▶ **Collected data**
───

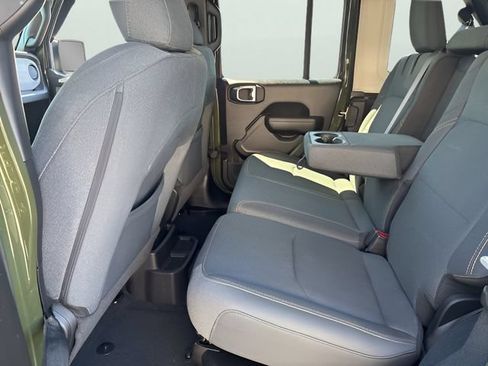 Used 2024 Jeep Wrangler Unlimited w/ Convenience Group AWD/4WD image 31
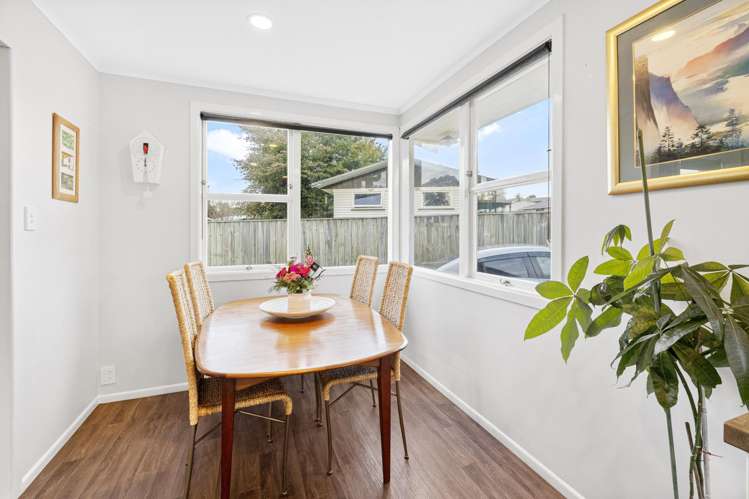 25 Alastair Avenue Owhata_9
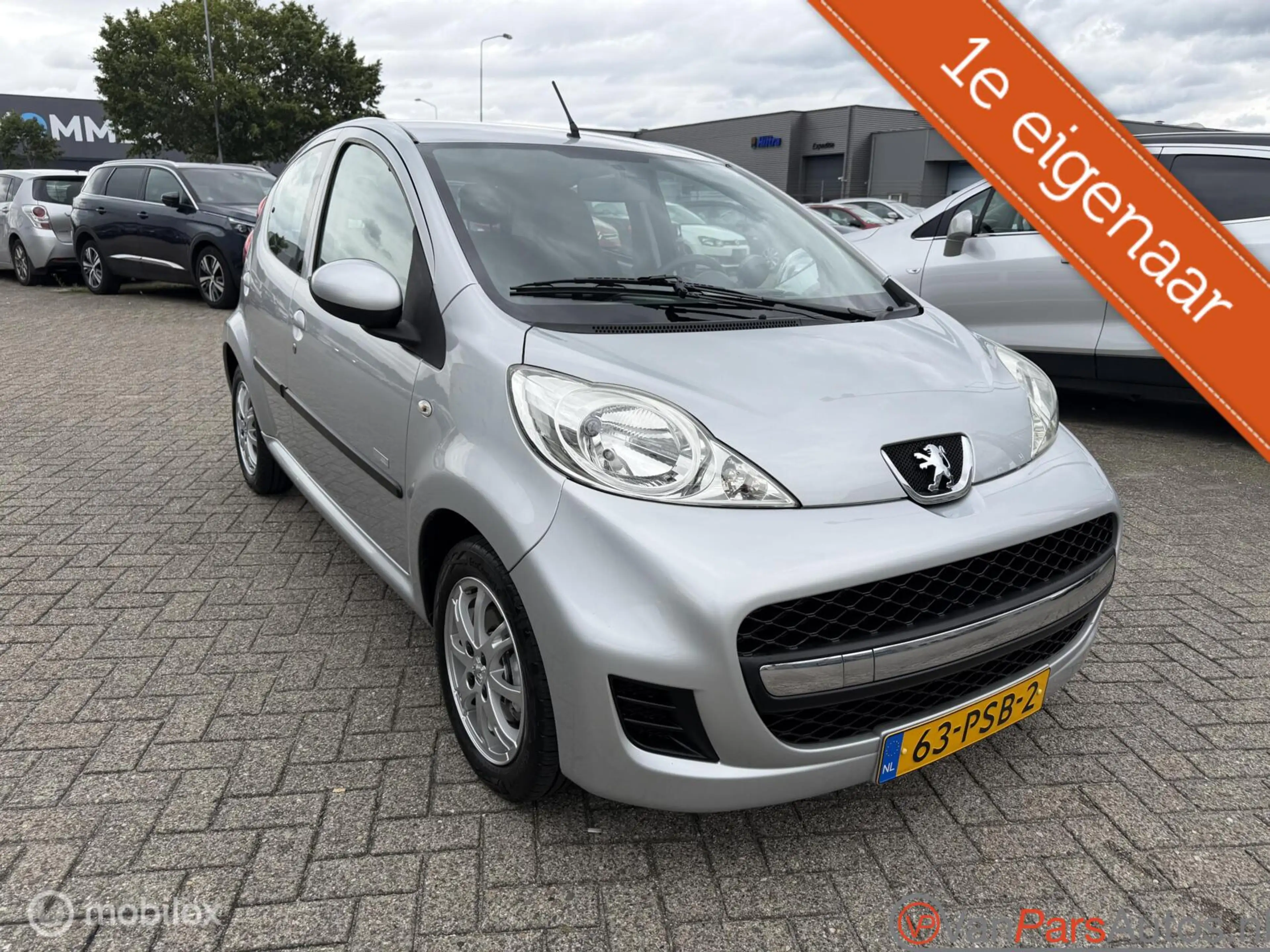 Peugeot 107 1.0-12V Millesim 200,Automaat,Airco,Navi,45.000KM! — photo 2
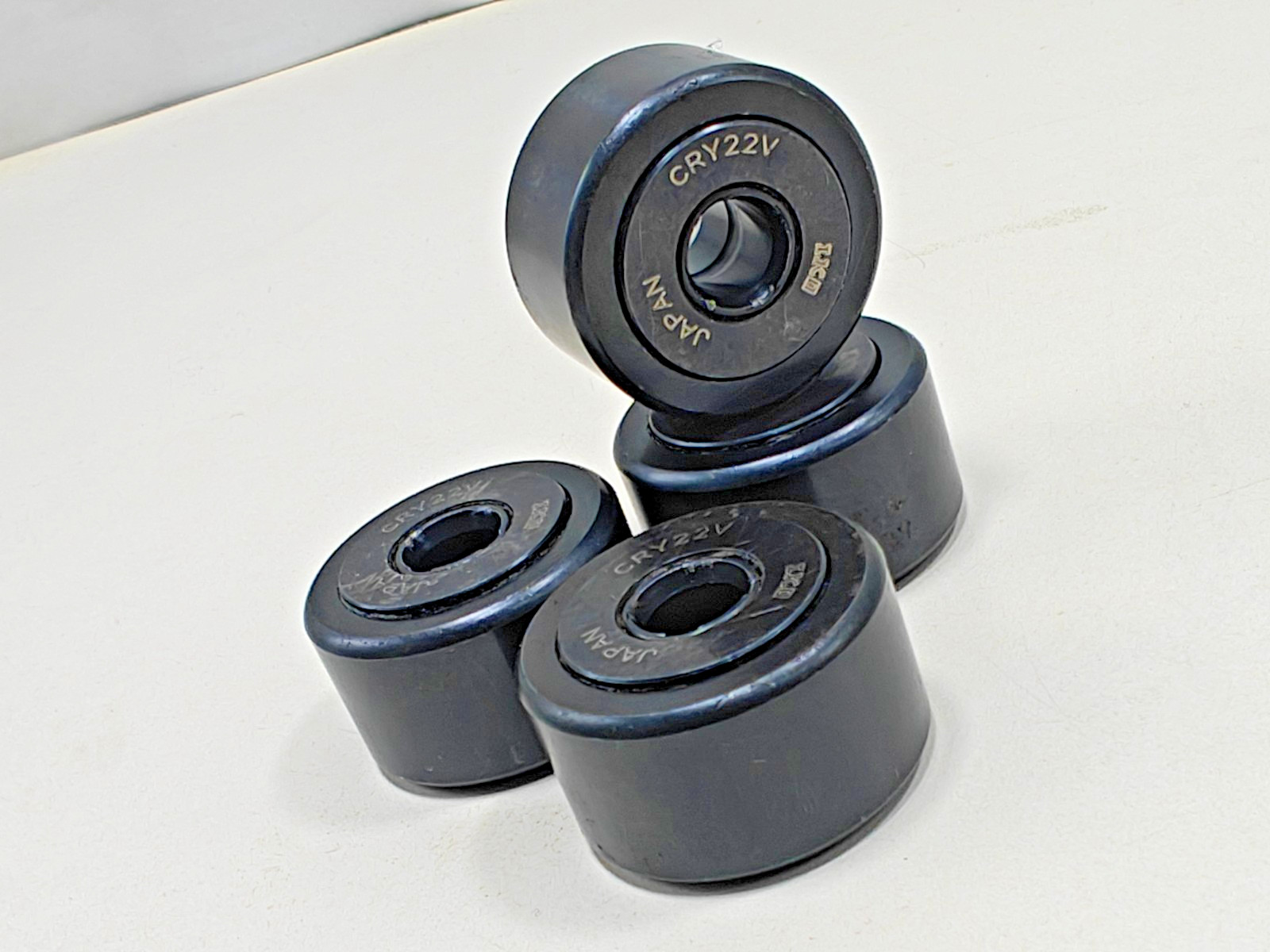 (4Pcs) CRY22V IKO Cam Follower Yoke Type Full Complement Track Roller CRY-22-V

───

▶ **Problem to work on**
Once the images are removed, print the remaining data exactly as it appears above.

▶ **Answer for the task**
 Used 2024 Jeep Wrangler Unlimited w/ Convenience Group AWD/4WD image 31
 25 Alastair Avenue Owhata_9
 Peugeot 107 1.0-12V Millesim 200,Automaat,Airco,Navi,45.000KM! — photo 2
 (4Pcs) CRY22V IKO Cam Follower Yoke Type Full Complement Track Roller CRY-22-V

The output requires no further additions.